In October 2019, the FTT concluded that it would be unreasonable, having regard to the April decision, that RPI should be added to that part of the pitch fee which represented a reimbursement of fixed costs incurred, ie the £6.31 per month. It was also clear that that sum had to be deducted from the pitch fee after 20 years of payments.

The appellant appealed contending that the FTT in October misinterpreted its April decision and was wrong to treat the £6.31 as a separate element of the pitch fee and in effect a service charge, merely reimbursing the site owner for the cost of improvements. The appeal was determined under the tribunal’s written representations procedure.

Held: The appeal was allowed.

(1) Part 1 of Schedule 1 to the Mobile Homes Act 1983 implied terms into agreements under which a person was entitled to station a mobile home on a protected site and to live there; it was not disputed that the appellant’s site was a protected site as defined in the Caravan Sites Act 1968. The pitch fee derived from the agreement between the site owner and the occupier; the schedule implied an obligation to pay it only if the agreement required a pitch fee to be paid. The pitch fee was the consideration paid by the occupier for the right to live in the mobile home on the pitch. It was not a service charge because it did not vary with the cost of services: PR Hardman and Partners v Fox, Greenwood and others [2019] UKUT 248 (LC) followed.

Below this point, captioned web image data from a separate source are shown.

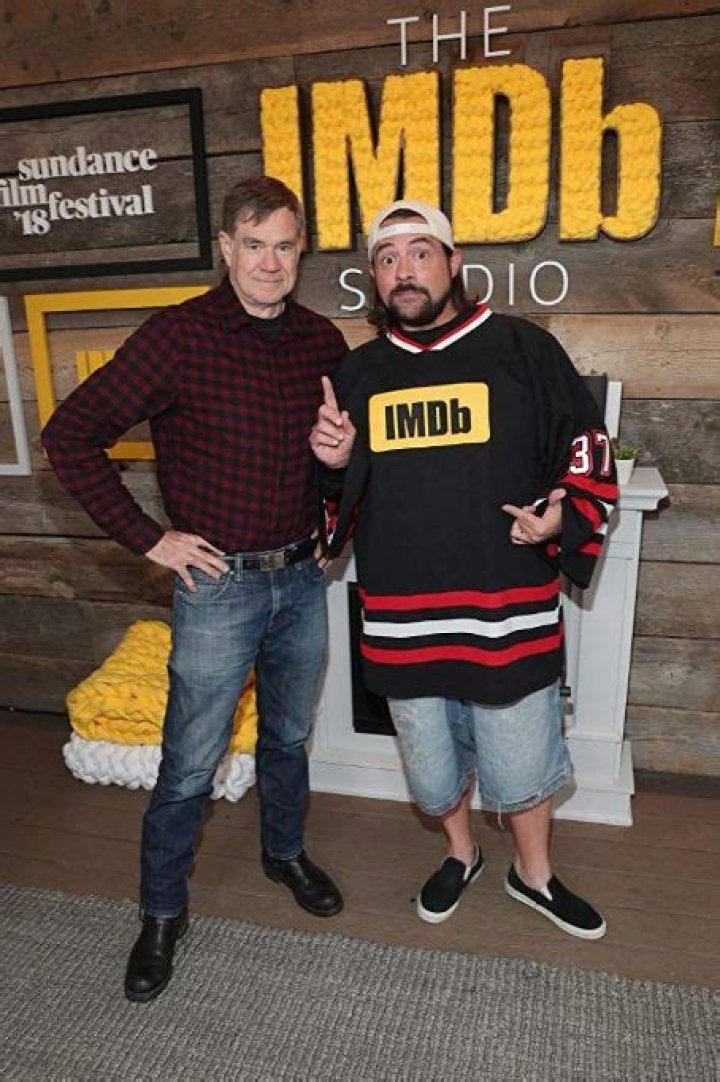 Who is Gus Van Sant Dating Now?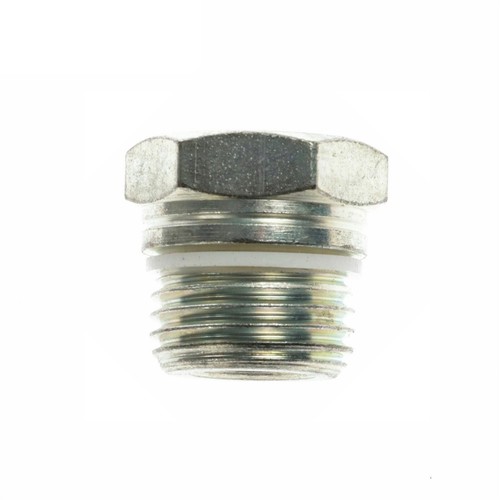 Power steering pump union nut - power,
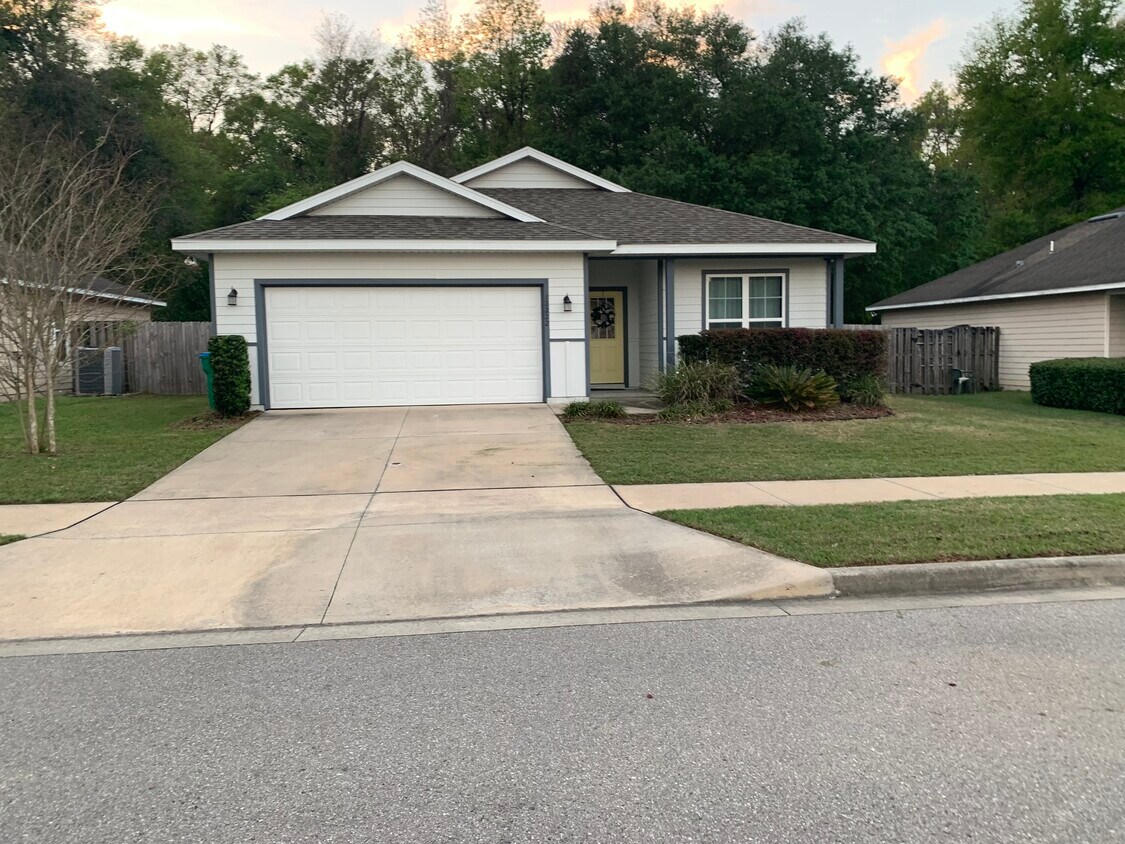 12222 NW 162nd Dr, Alachua, FL 32615 House Rental in Alachua, FL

(2) Paragraph 20 of Schedule 1 imposed a presumption that the pitch fee would not increase or decrease by more than the increase or decrease in the RPI each year, but it provided that that presumption could be displaced if it would generate an unreasonable result, having regard to para 18(1). Paragraph 20 did not give the site owner an entitlement to an increase in the pitch fee in line with the RPI, although it had come to be regarded in that light: Re Sayer [2014] UKUT 283 (LC); [2014] PLSCS 202 considered.

Paragraph 18(1) did not set out an exclusive list of matters that might justify a departure from the para 20 presumption; it only stated that “particular regard” was to be paid to the matters it set out. Paragraph 18(1)(a) was relevant to the present appeal because the increase in the pitch fee in issue related to the appellant’s expenditure on improvements that benefitted the respondents. The question was not whether the improvements should mean a change in the pitch fee, but what that change should be.

(3) In its April decision, the FTT decided that the RPI related increase would apply to the whole of the pitch fee. Very clear and explicit words would have been needed to decide the contrary. The £6.31 was part of the pitch fee, and if the RPI rate was not to apply to that element of the pitch fee, the pitch fee as a whole would be increased by less than the RPI; a decision that the RPI-related increase would not apply to £6.31 of the pitch fee each year would have amounted to a decision, for each of the following 19 years, that the presumption in para 20 was displaced and that it was unreasonable for the pitch fee to be increased in line with the RPI, as required by para 18(1).

The FTT referred to its April decision as a foundation for its view that the £6.31 should cease to be payable after 20 years. In so doing, it mistook the appellant’s initial calculation of the charge for improvement – by spreading the capital cost over what might be regarded as a period that made it manageable for the occupiers – with the end result, which was a pitch fee that represented consideration for an improved site. Accordingly, the FTT in October 2019 misconstrued its 2018 decision, which did not decide either that the RPI-related increase would apply only to part of the pitch fee thereafter, and not to the £6.31 added in 2018 in respect of improvements, or that the sum relating to improvements would cease to be payable after 20 years.

(4) The construction that the appellant placed on the 2018 decision, far from giving it a double recovery, provided for the recovery of cost, over time, together with some consideration for the improvements by way of a return on the site owner’s investment. What the appellant wanted to charge by way of pitch fee in 2019, namely the 2018 fee increased by the same rate as the RPI over the relevant period, was consistent with the 2018 decision, properly construed.